Dear Editor,
This just happened to my assistant in Santa Monica:
My assistant has lived in her Santa Monica rent control apartment since the early 80’s. She was a renter during the era of TORCA conversions and because she could not afford to convert her one bedroom apartment into a condo, she has remained there as a tenant ever since.
She has always paid her rent, calculated according to the rules of rent control, in a timely manner for the last 30 years.
Her previous landlord/owner decided to borrow money against this unit over the years and finally decided to stop making the payments on the underlying loans. He decided to let the property go into foreclosure and never notified or informed my assistant about this. She continued to pay the monthly rent payments to her old landlord while he had stopped making the payments on the underlying loans.
In the first few days of May, 2014, my assistant received three different telephone calls from three different people or companies each saying that they now owed the unit, as they had purchased the unit from a foreclosure sale, and she was told to send her May rent payment and future rent payments to each of them.
My assistant was confused as to where to send the rent payments and as to who was the actual new landlord/owner, and so on or about May 5th, 2014, she purchased a money order for the May rent and waited to find out who the new landlord/owner was and where to send the rent payment.
In the meantime, without her knowledge, the new landlord/owner taped a “3-day notice to pay or quit” onto her outside entrance door in the hallway of her building, took a photo of it on her door and then immediately took it down. And so she never knew there was a 3-day notice posted on her door. Also, the new owner never sent a copy of the 3-day notice to her by mail. And so she never received any official notice as to who was the new landlord/owner nor did she have any knowledge that a 3-day notice had been posted on her door or sent to her by mail.

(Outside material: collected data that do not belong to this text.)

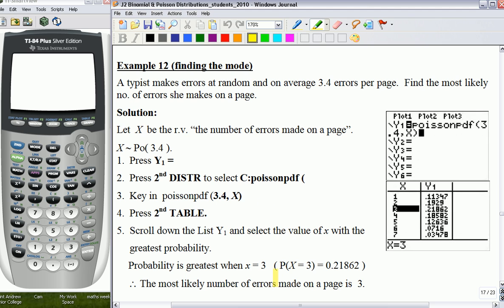First, let us take a look at the question itself. It says the typist makes errors at random, and on average 3.4 errors per page. Find the most likely number of errors he makes on the page. Now, in order to do any statistics question, it is always very important to write down what the random variable is in this question, and then write down the equation to help us understand the question better.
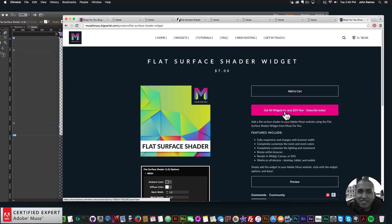That's it for this video tutorial. I do this to help you build awesome websites without code. If you'd like to see more, subscribe below. In the show more section below are links to other resources and Muse4Ushop.com. Thanks for watching and I'll see you in the next video tutorial!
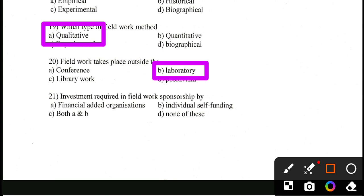Question number 21. Investment required in field work: sponsorship by financial-aided organizations, individual self-funding, both A and B, or none of these. The correct answer is both A and B — financial-aided organizations as well as individual self-funding are required to carry out field work.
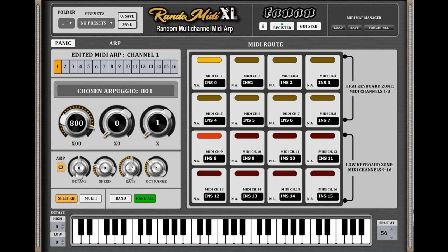Welcome to Music Gears, where we bring you the latest info on new music instruments, software, and other gear from around the world. Fanon Team releases RandomIDI XL MIDI controller for Windows.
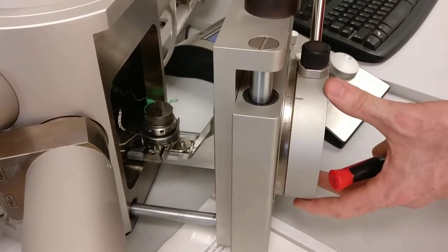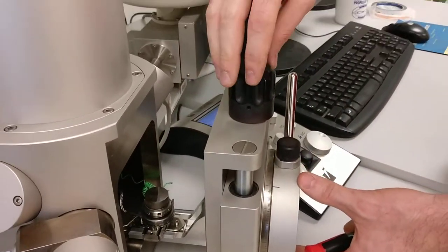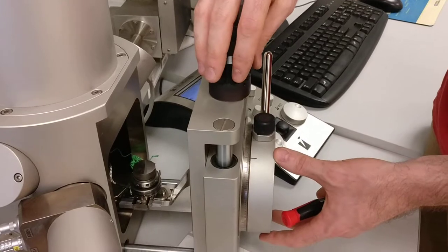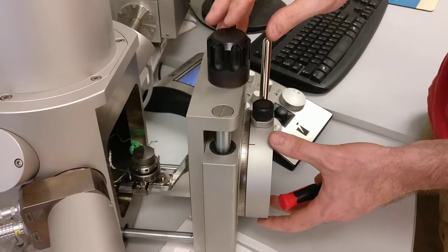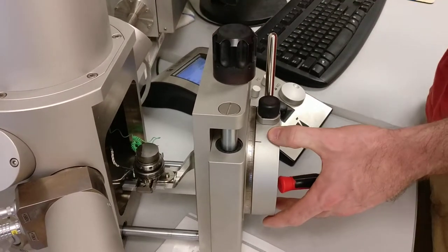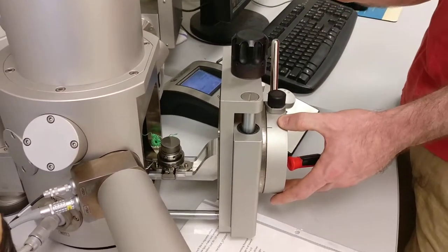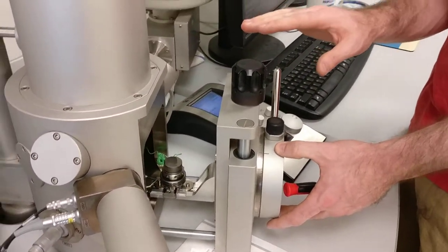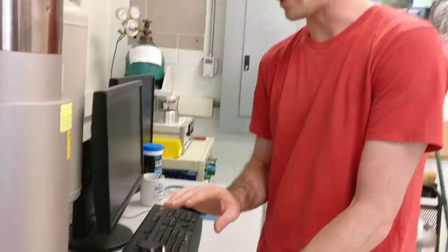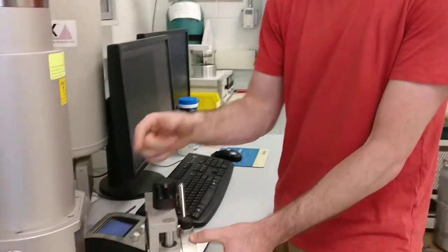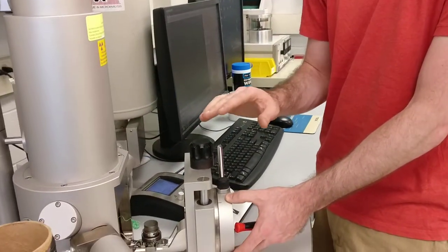Then make sure that this is screwed in clockwise all the way. If you have samples that are taller than an inch and a quarter, they won't fit in here, and you may hit the bottom of the pole piece, which would be bad.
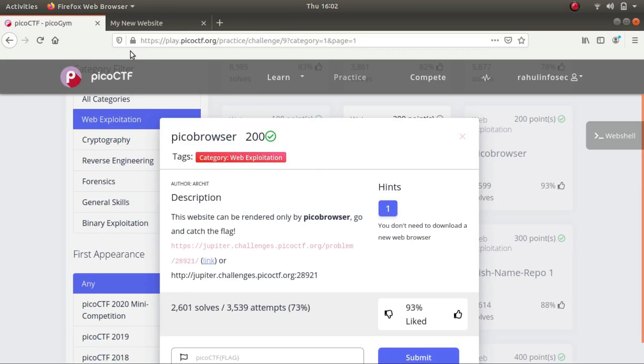Hey guys, my name is Rahul and I'm back again with another video walkthrough. So today we'll be solving Pico browser, which is another challenge in the web exploitation category. I've already opened up the link, so let's hop on to it.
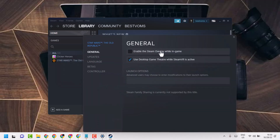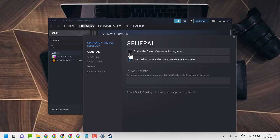To disable and turn off the overlay, unselect this setting in case it's selected. Unselect this setting to disable and turn off the Steam overlay while in-game.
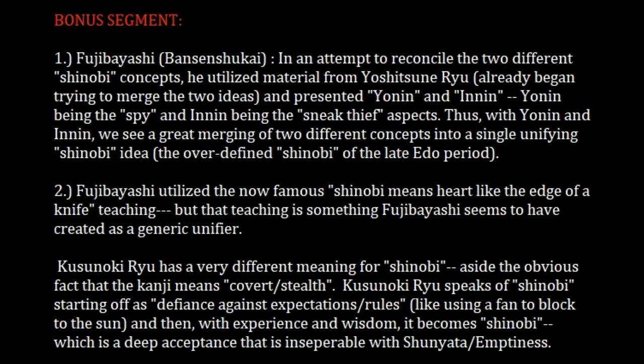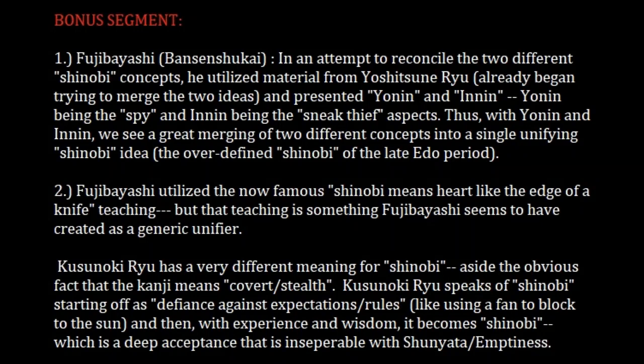So in Kusunoki-ryu, there is a very different and unique explanation for the kanji Shinobi — not the generic version Fujibayashi utilizes in the Bansen Shukai. What we're seeing here is specific traditions with specific heritage, like Kusunoki, and then people like Fujibayashi trying to blend these very different systems into a reconciled, unified tradition — literally having to create new things such as yonin and inin, or to present oversimplified things like the edge-of-the-knife-over-the-heart meaning, when the more specific traditions have much more deep and esoteric teachings about what these things mean.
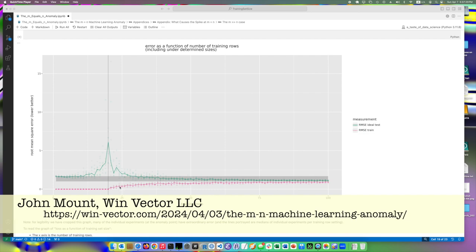The first was that training performance gets worse as you add more training data. That at first might be a surprise, but when you think it through, basically training is getting worse and worse at lying to you about its future performance.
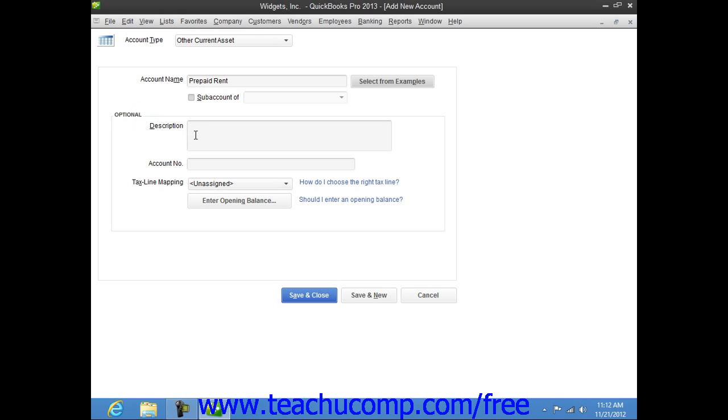When you're finished, click either the Save and Close or Save and New buttons to save the account. If you choose the Save and New choice, be sure to change the Account Type if needed by using the Type drop-down at the top of the window to select your Account Type before creating the next new account.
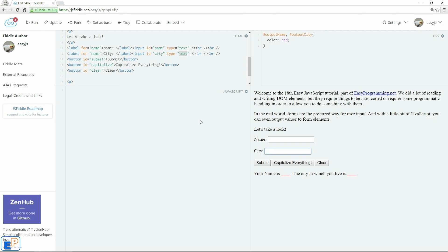I'm just going to delete this. And let's start by grabbing our first submit button and storing it into a variable. So we'll do var submit, I'll call it submit. We'll do document.getElementById submit. That's all.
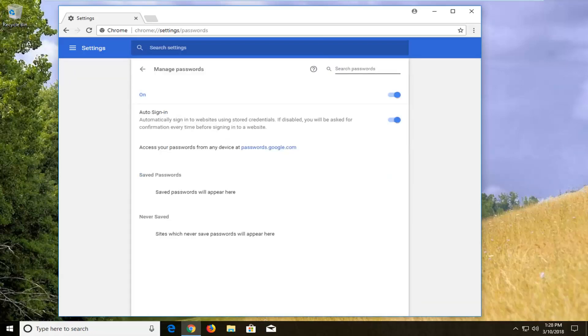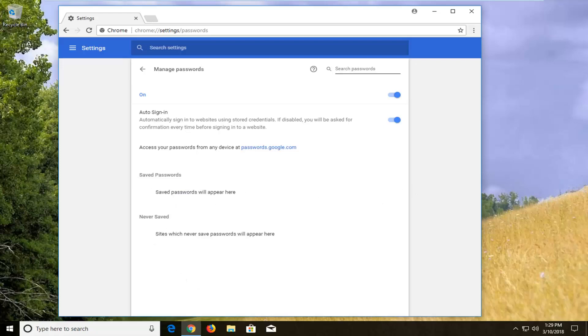Any saved passwords will be listed right in here for any websites, and you can pretty much go from there. Just click on the X next to it to delete the password. And the same principle would apply if you had any websites you previously stated you never wanted to save the password for.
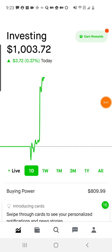I'm Tom from DIY Life Tech, and this is a quick look at the interface for the Robinhood investment app. This is the main screen. You can see I put $1,000 in here — this is part of my 1K test series.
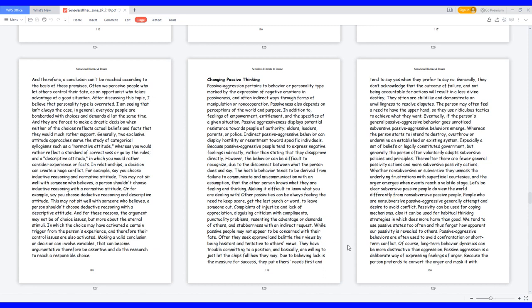And for these reasons, the argument may not be of choice issues, but more about the external stimuli in which the choice may have activated a certain trigger from the person's experience, and therefore their control issues are also activated. Making a valid conclusion or decision can involve variables that can become argumentative. Therefore, be assertive and do the research to reach a responsible choice.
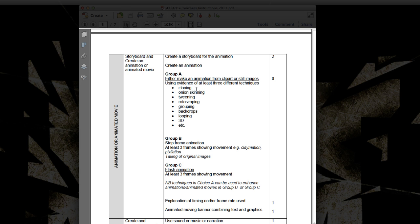We must use at least three of these techniques. So there's cloning, onion skinning, tweening, rotoscoping, grouping, backdrops, looping, 3D and other skills as well.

On or about May 6th, 2014, my assistant was served with a lawsuit for unlawful detainer for nonpayment of her May rent.
My assistant sought advice from the SM rent control board and hired an attorney who specializes in SM rent control laws. They went to court on June 3rd, 2014, and both parties chose not to settle. The new landlord/owner’s attorney was able to have the unlawful detainer trial transferred to a court house in Chatsworth. The judge in Chatsworth knew nothing about SM rent control laws, the Ellis Act or what was a TORCA conversion.
The judge believed that the new landlord had properly posted the 3-day notice (as they presented the photograph of it on her door and argued that the 3-day notice had been sent to her even though it had not been sent) and the judge ruled against my assistant for non-payment of the May rent.
So now my assistant, who has been in her Santa Monica rent control unit for over 30 years and has always paid the rent in a timely manner, has been legally evicted from her rent control apartment and she has to move by the end of June. And, she is not receiving any relocation assistance payments from the new landlord. And the ruling says that she owes the new landlord rent for the month of May & June.
Watch out all you people living in Santa Monica units under rent control. Years have gone by, judges do not understand SM rent control or what is a TORCA conversion or the Ellis Act…and you may be tricked into being evicted from your rent control unit…as was my assistant.